• Work order: In the copy of the lines below, leave out pictures and print everything else exactly.

• Collected data:

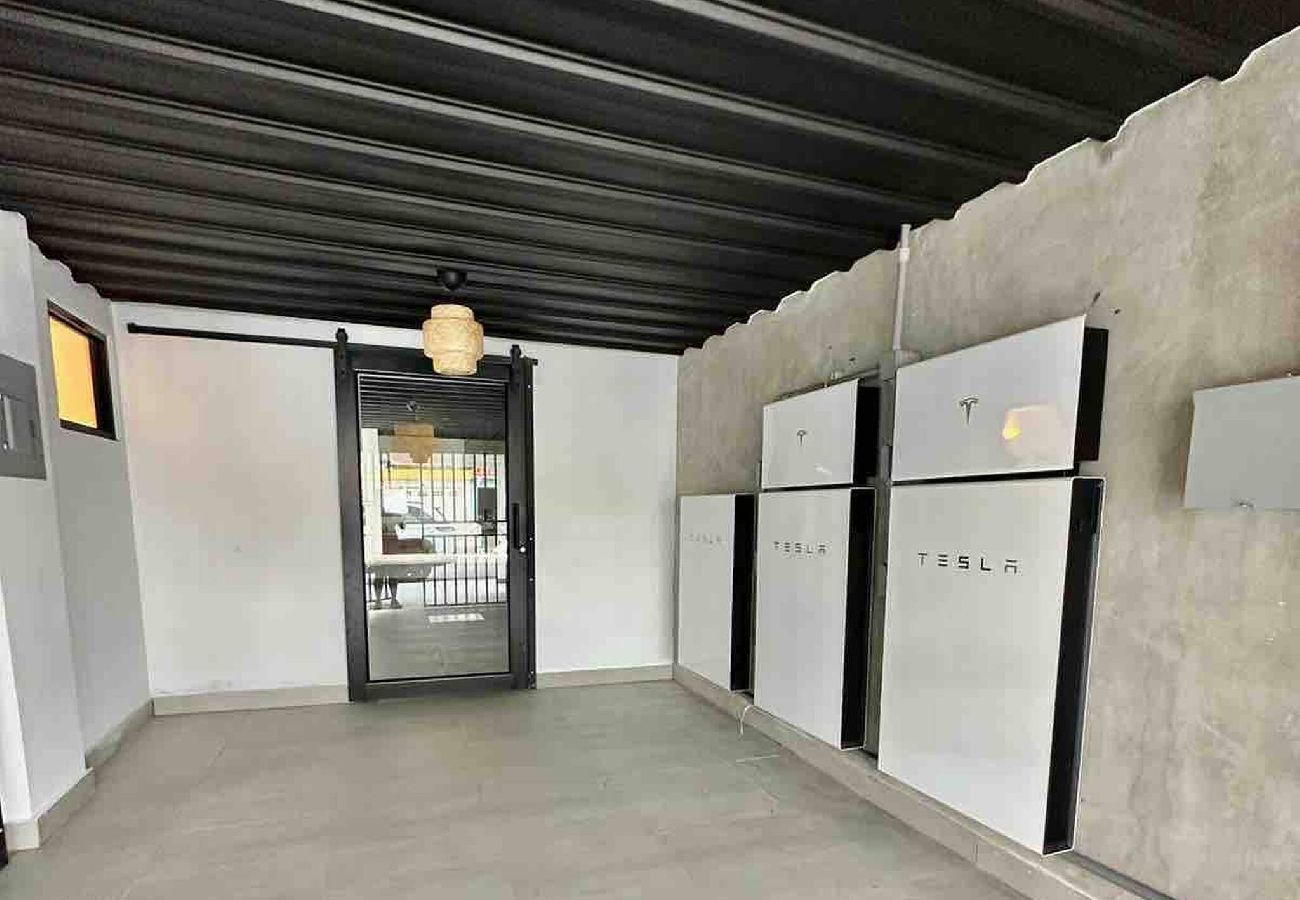 Casa en Carolina - Lux Gem~Mins to SJU~Pool~Tesla Solar~No Blackouts 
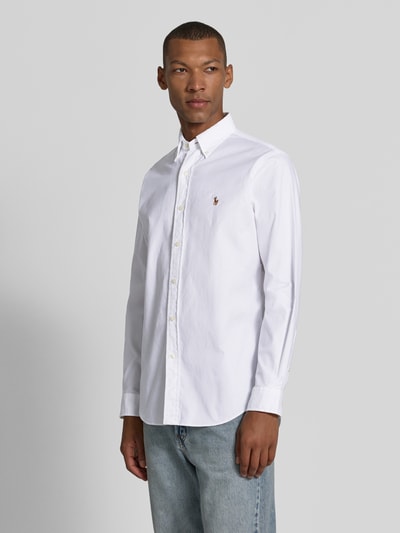 Männermodel trägt Regular fit vrijetijdsoverhemd uit katoenmix van Polo Ralph Lauren in wit met knopen, Ganzkörperansicht von vorne. Heren vrijetijdsoverhemd.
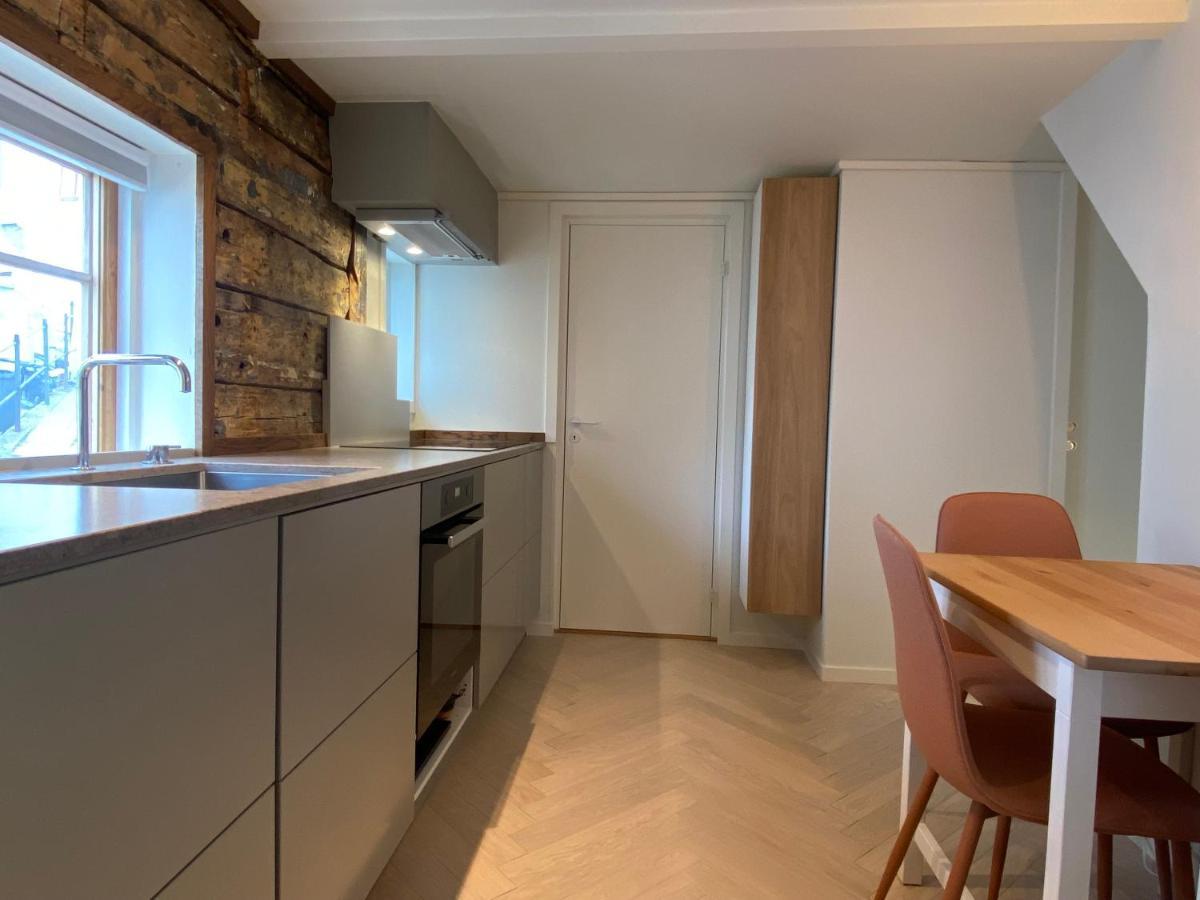Entire Renovated Apartment From 1780 With Kitchen, Bath, Bedroom, And Living Room In Skuteviken ベルゲン エクステリア 写真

• Response to this task:
 Casa en Carolina - Lux Gem~Mins to SJU~Pool~Tesla Solar~No Blackouts 
 Männermodel trägt Regular fit vrijetijdsoverhemd uit katoenmix van Polo Ralph Lauren in wit met knopen, Ganzkörperansicht von vorne. Heren vrijetijdsoverhemd.
Entire Renovated Apartment From 1780 With Kitchen, Bath, Bedroom, And Living Room In Skuteviken ベルゲン エクステリア 写真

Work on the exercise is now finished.